‘She’s got a headache,’ Amy would say to her mother, watching her.
‘What? No she doesn’t, she hasn’t said a word.’
But Amy could tell. There was something about the way Brooke walked when she had a headache, as if her head was in danger of rolling off and she had to keep it balanced on her neck, and Amy wanted to cry for the poor little kid walking out there with the weight of everyone’s expectations on her shoulders, as if she already knew she would end up as the last hopeless hope for the Delaneys. Amy’s parents could read their children’s games with perfect accuracy, they could predict their every shot, exploit their every weakness, but in other ways they were clueless, blinded by their love of the greatest sport ever invented.
Maybe it was the migraines that made Brooke so serious.
Amy wished she could take them away from her. She remembered Brooke when she was a baby, dark curly hair in a topknot, only two chipmunk teeth. She never crawled, she bum-shuffled. It was hilarious to watch. Now look at her: so serious, so married, her shoes so sensible, her bra-strap so beige, you’d think she was fifty, not twenty-nine. Had Brooke ever danced all night? Had a one-night stand? Brooke would say these were not examples of a life well lived, and maybe she was right, but Amy blamed those cruel migraines for aging her sister beyond her years.
Amy threw her journal on the floor and lay back down in the cold flood of air from her open window. Her three flatmates were all out. She’d moved here six months ago and she’d thought that with three flatmates she’d rarely have the place to herself, but, in fact, she often seemed to be the only one at home. It was cheap rent because the neon light from the sign lit up her room like a disco.

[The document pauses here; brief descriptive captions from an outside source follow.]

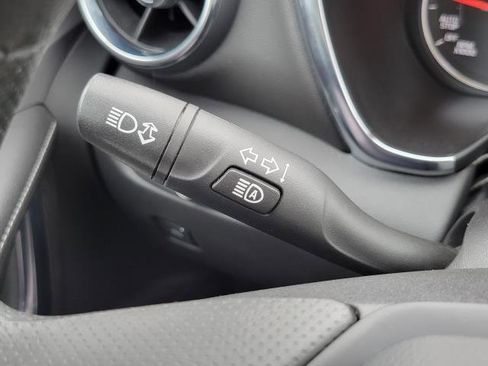 Used 2025 Chevrolet Blazer LT image 15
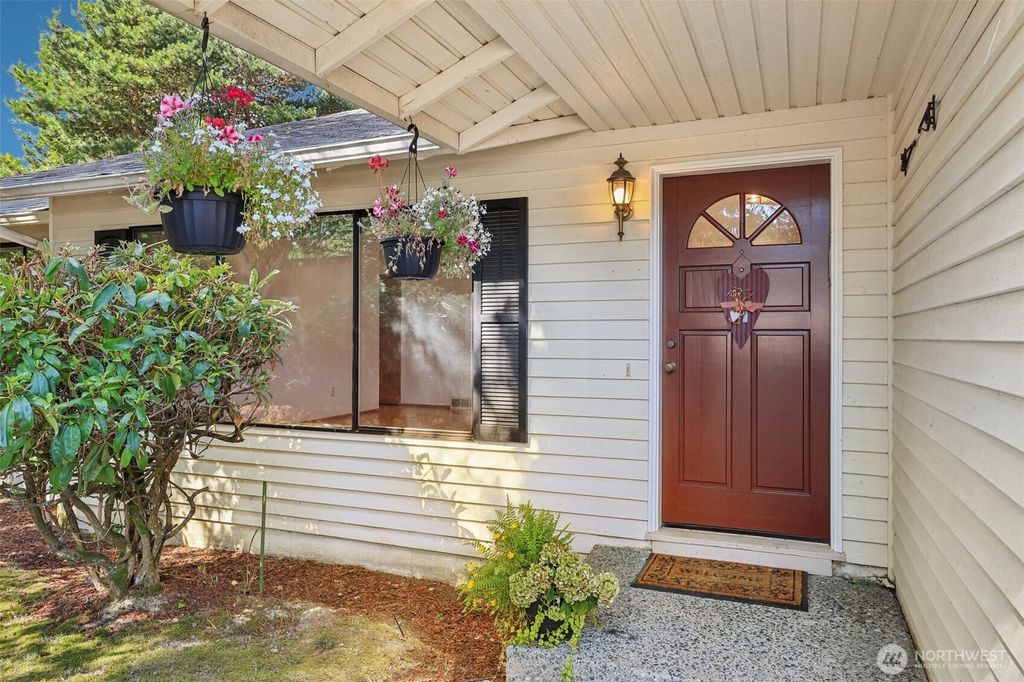 Photo of 4632 SW 74th St St, Mukilteo, WA 98275 (MLS # 2411930)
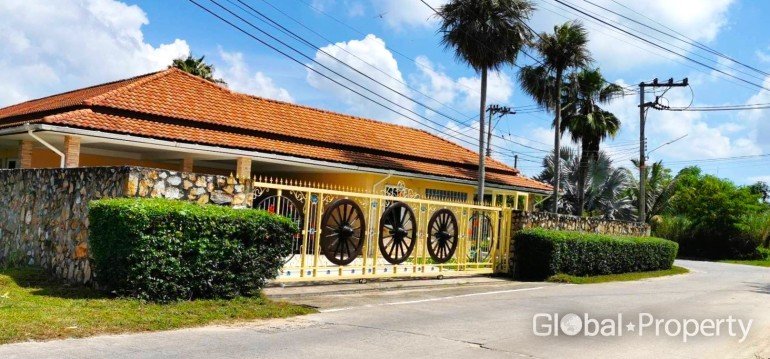 Moradia T4 em Pattaya, Thailand N.º 19841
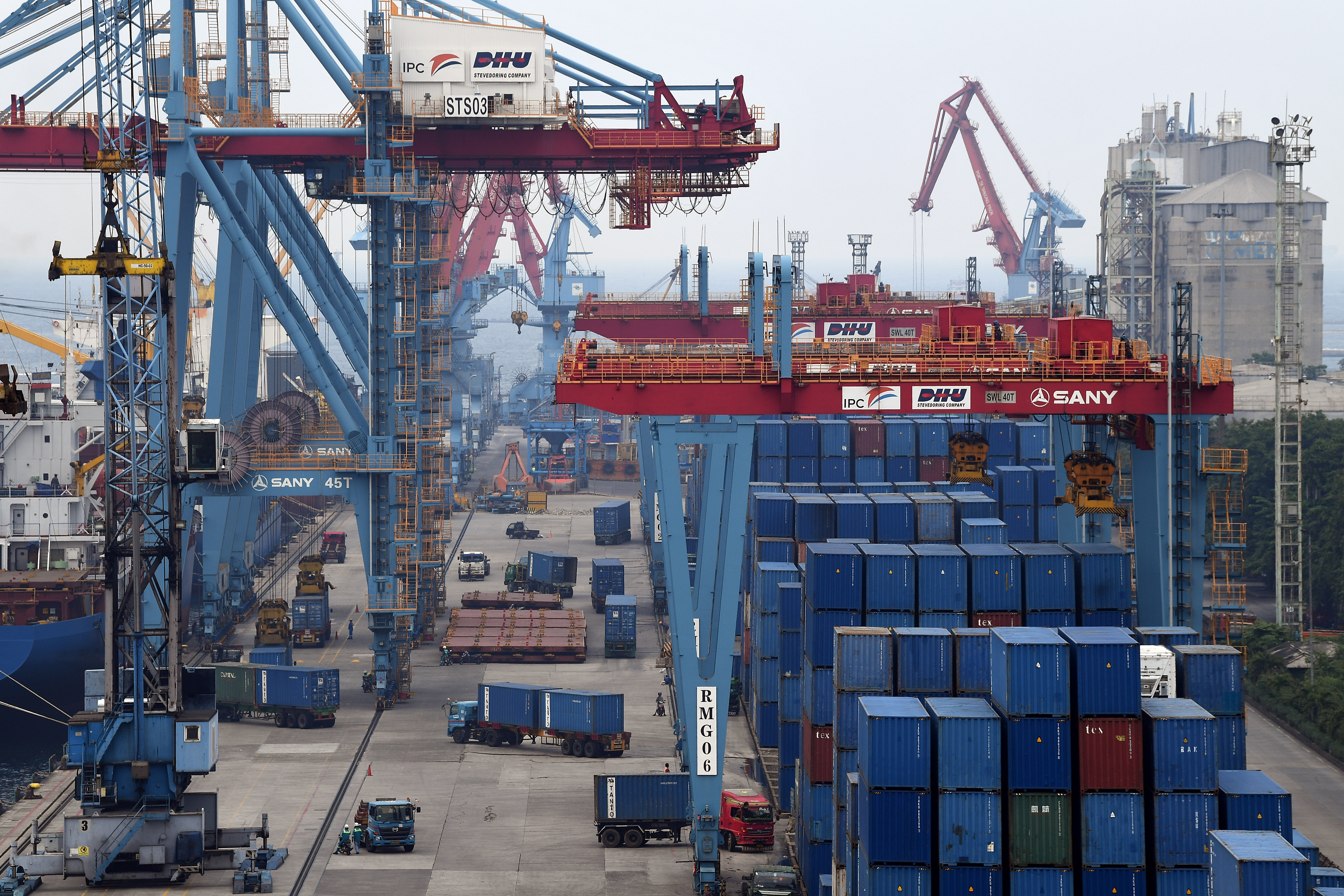 Sejumlah truk pengangkut peti kemas melintas di Pelabuhan Tanjung Priok, Jakarta.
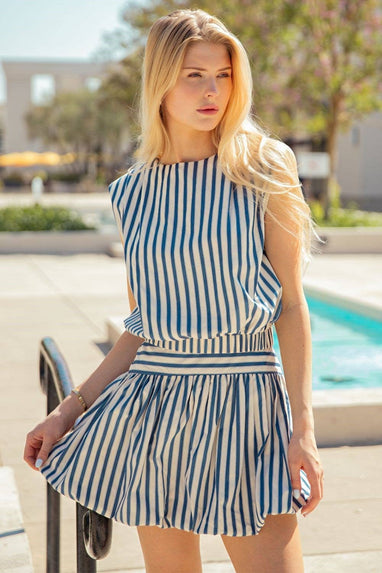 Stripe round neck top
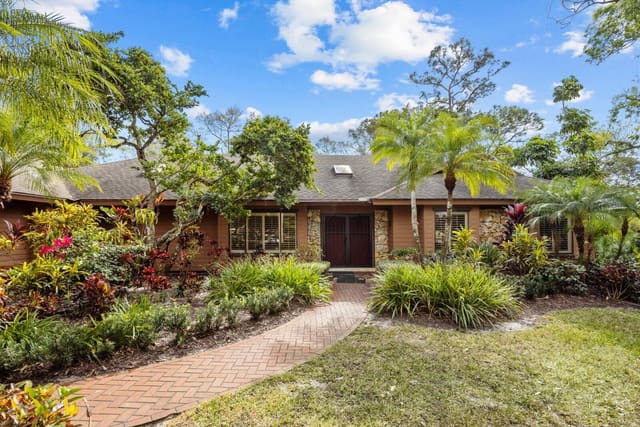 1995 SW Saint Andrews Drive, sold in Crane Creek Country Club, Palm City, FL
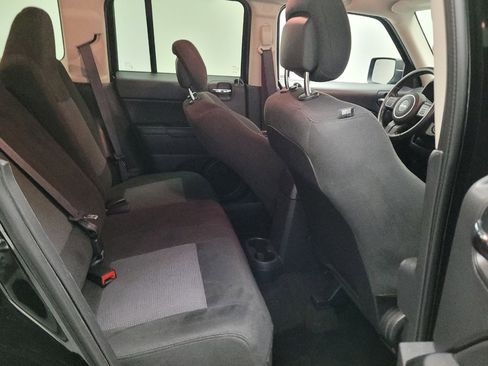 Used 2017 Jeep Patriot Latitude FWD image 19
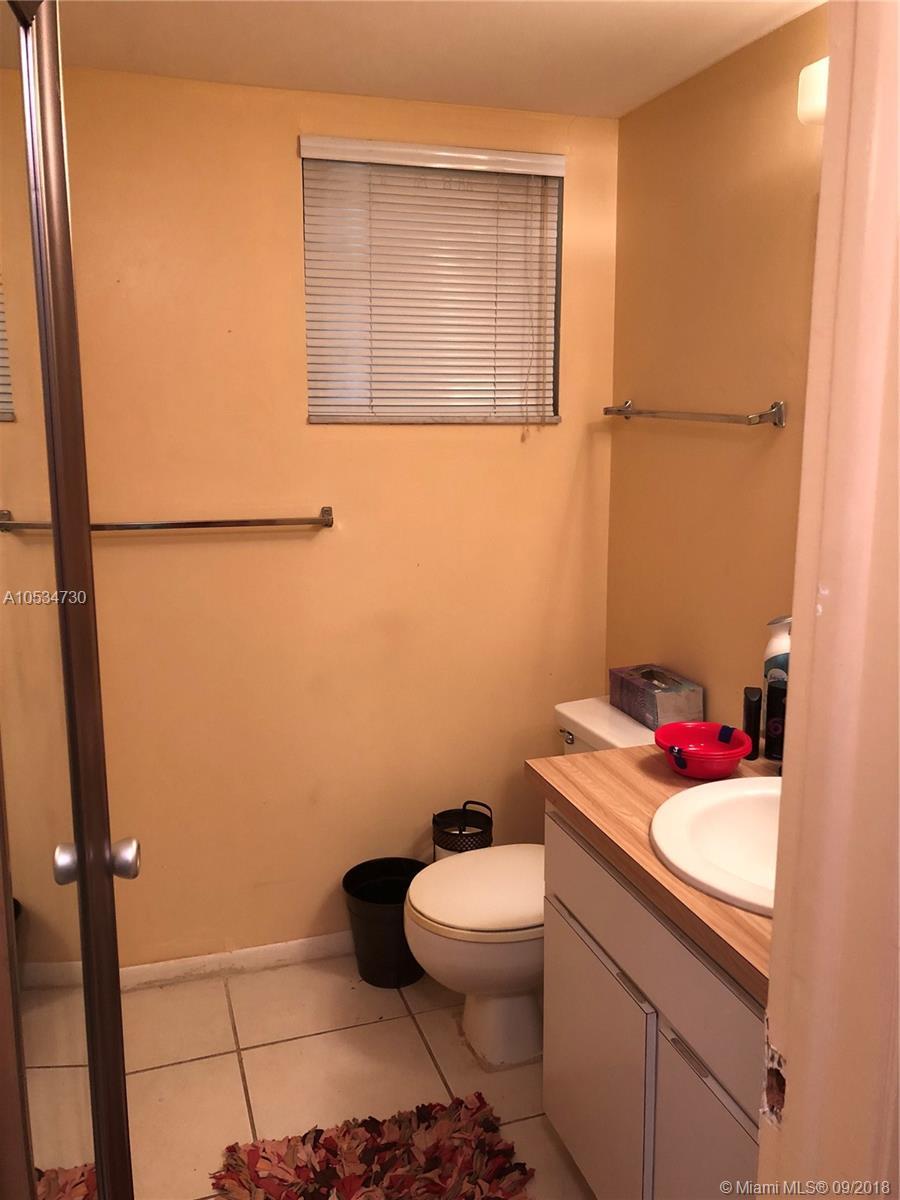 3399 Foxcroft Road, Unit 316 Miramar, FL 33025 - Photo 3 of 8 Gallery Image 3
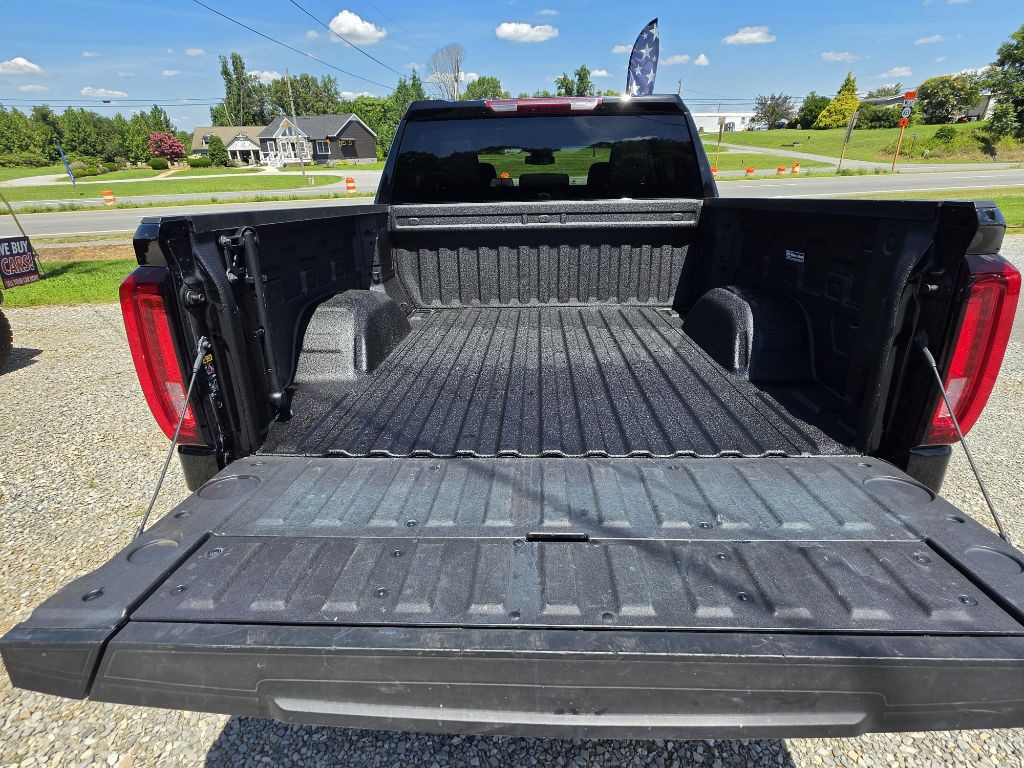 2025 GMC Sierra Image 4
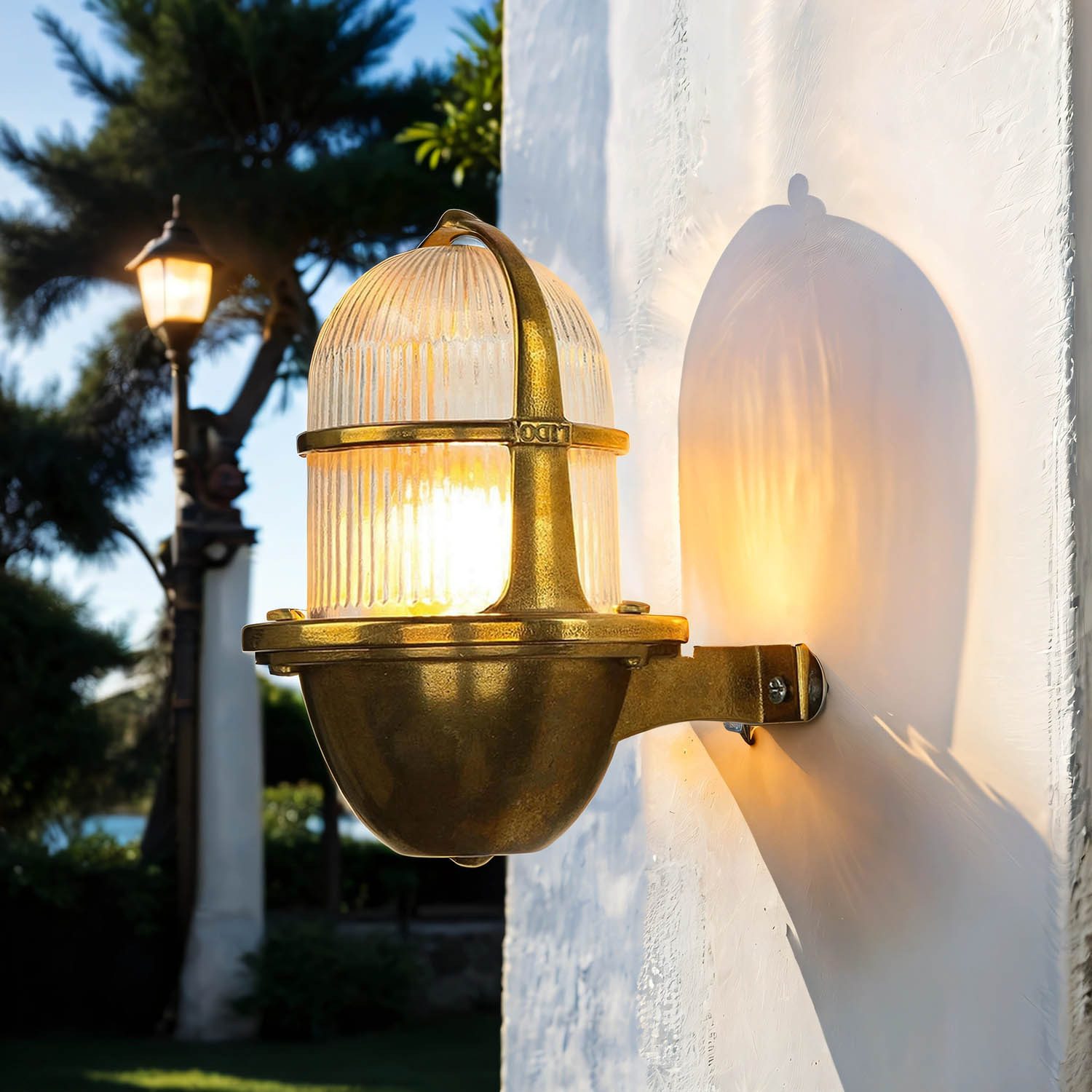 Licht-Erlebnisse Außen-Wandleuchte SANTORIN, ohne Leuchtmittel, Wandlampe Messing IP64 Maritim Premium Schiffslaterne Hof Haus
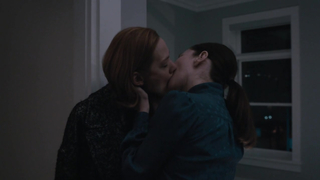 Anna Friel, Louisa Krause escena lésbica en The Girlfriend Experience s02e09 (2017)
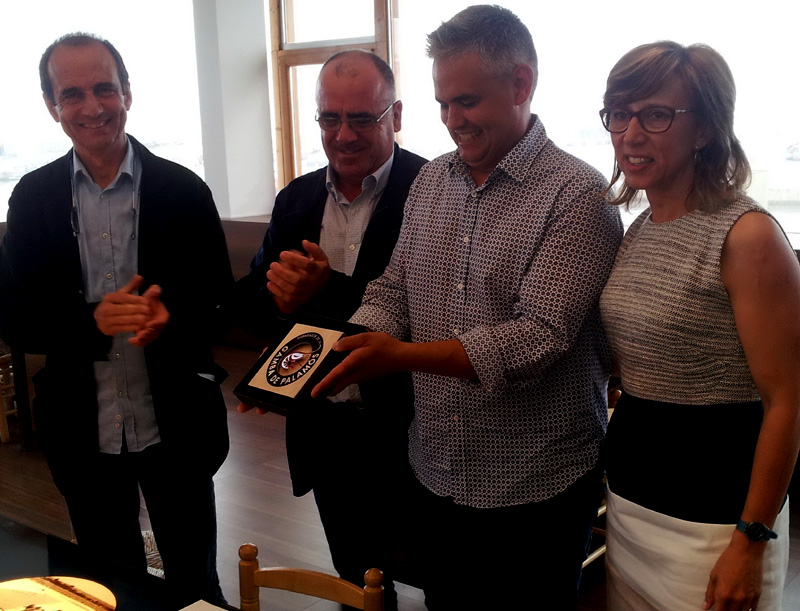 Nandu Jubany rep la certificació de la mà de l'alcaldessa Teresa Ferrés i el president de la Confraria Francesc Benaiges.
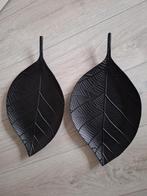 2 zwart metalen bladeren lengte 43cm, Ophalen of Verzenden, Zo goed als nieuw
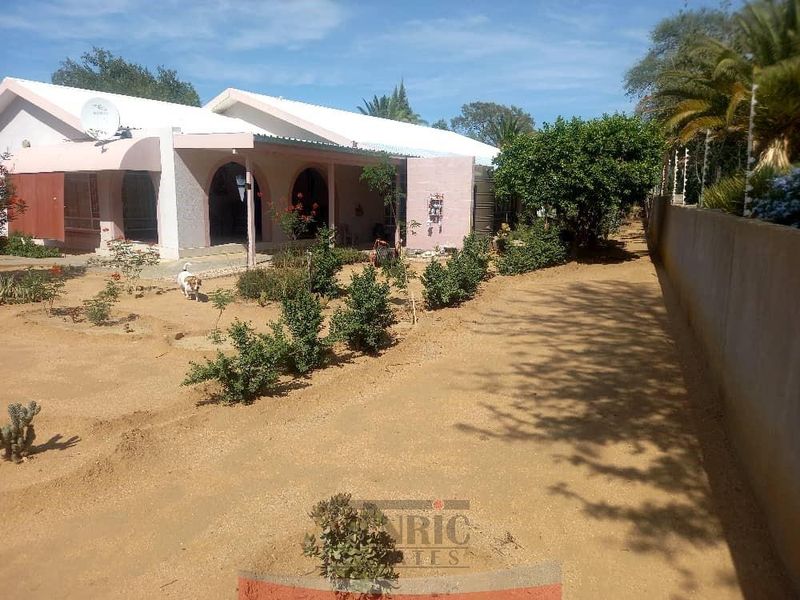 Nice and secure family home! - Photo 4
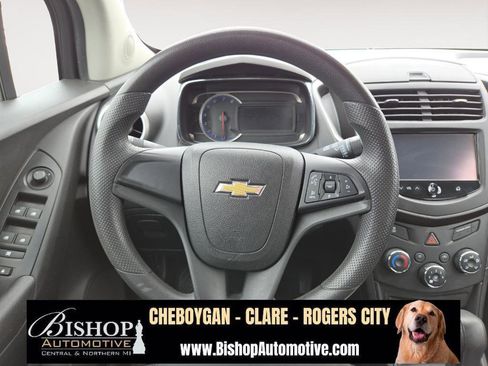 Used 2016 Chevrolet Trax LS image 25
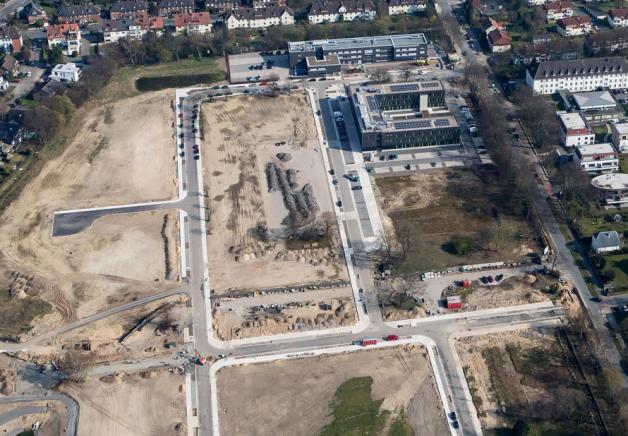 Luftbild von 2014. Auf der Fläche am linken Bildrand (oberhalb des Wendehammers) entsteht das Grow-Gebäude.
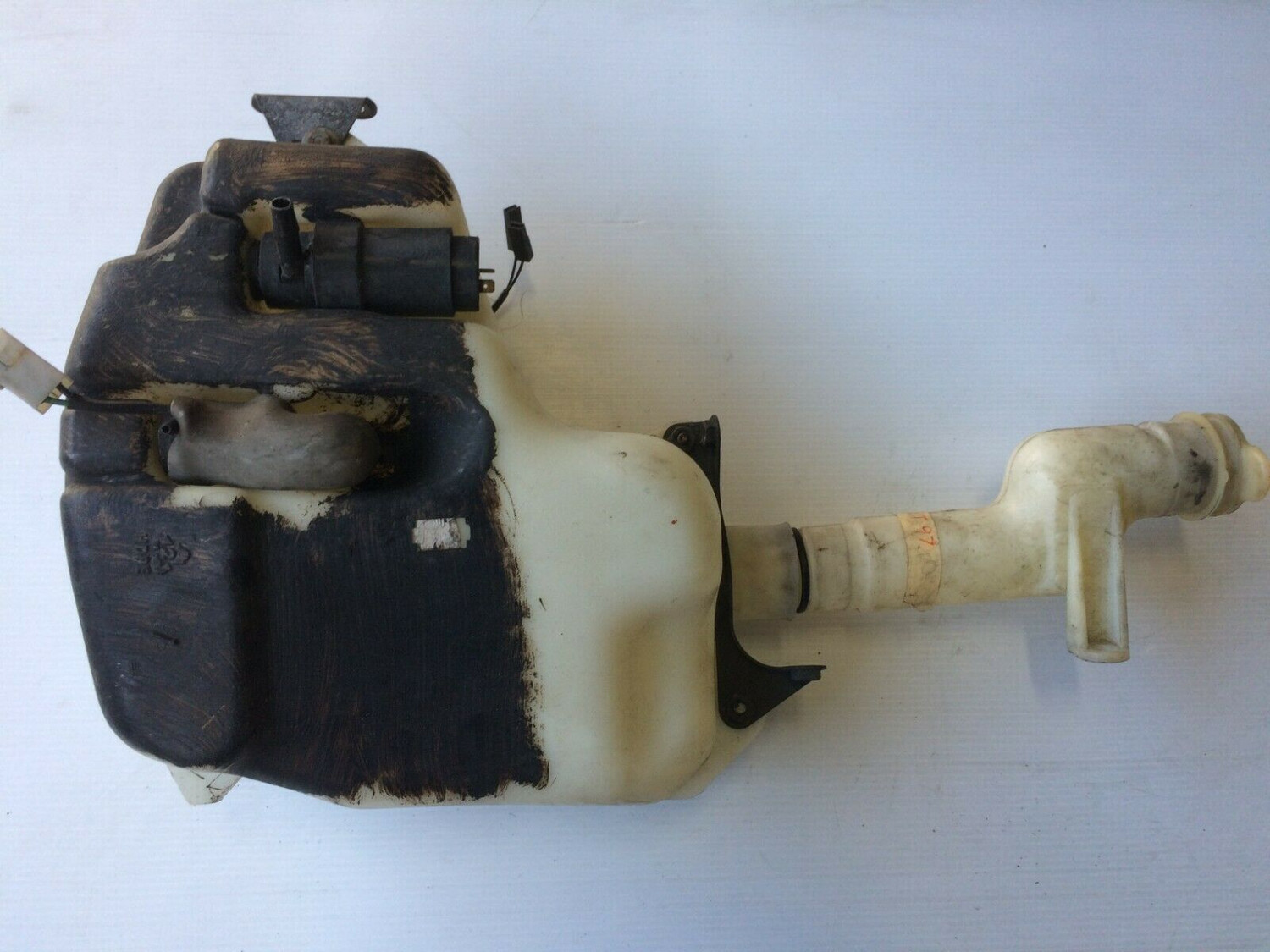 BENTLEY ROLLS ROYCE SILVER SPUR  windshield WINDSCREEN washer tank PUMP RH14062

For the last year she’d been keeping herself afloat with a cobbled-together series of part-time jobs. She’d finally accepted that regular full-time work was not for her. It wasn’t a matter of finally settling on the right career path. The right job didn’t exist. Full-time work caused a kind of claustrophobic terror to build and build within her chest until one day there was a humiliating emotional spillage that resulted in her termination or resignation and her parents looking distressed when she said the new job hadn’t turned out to be so wonderful after all.
Now her most regular work was three three-hour shifts a week as a taste tester or a ‘sensory evaluator’ if she ever wanted to sound more impressive, which she never did. She joined a group of university students, young mothers and retirees to taste and discuss food with immense seriousness. She wore no lipstick or perfume or hairspray. She drank no coffee nor chewed gum beforehand. She sat at a laptop, logged in, spun around on her chair and waited for the kitchen staff, dressed in black, to bring out trays of labelled food. There was no right or wrong, there was no winning or losing. It was very important but also of no consequence whatsoever. No-one got upset, except for the occasional roll of the eyes if someone went on and on making their impassioned point about lemongrass to the panel leader. There was also that one time an executive stormed out because none of the taste testers liked the bolognaise sauce he’d spent a year developing, but that had been exciting.
In between taste-testing shifts she did market research and product-testing work. Today, for example, she’d spent an hour as part of a focus group discussing toilet paper. It was cash in hand, the sandwiches were excellent: that was lunch sorted. Everyone was extremely nice and polite when you did focus group work. She didn’t care that it was fake; it was soothing. She got to walk into a lovely plush office in the city like she was part of corporate Sydney and then walk right out again and go to the beach.
This afternoon she’d filled in a long questionnaire about her thoughts on deodorant and in return she’d received a department store voucher that she’d used to buy two bras on special.
It felt like she was getting away with something, like she was living by her wits picking pockets in Dickensian England.
She also had a theory that this sort of work was good for her mental health because it forced her to make multiple choices (Do you prefer spray or roll-on, with or without perfume?) and when she was sick she found choices impossible. She could stand in a grocery store staring at a shelf, paralysed with indecision. She hadn’t yet found a therapist who fully endorsed this theory.
She would be forty next April.
She wasn’t sure how that had happened. She could remember when her mother turned forty, and it had seemed ancient. Amy had assumed there would be flying cars by the time she turned forty.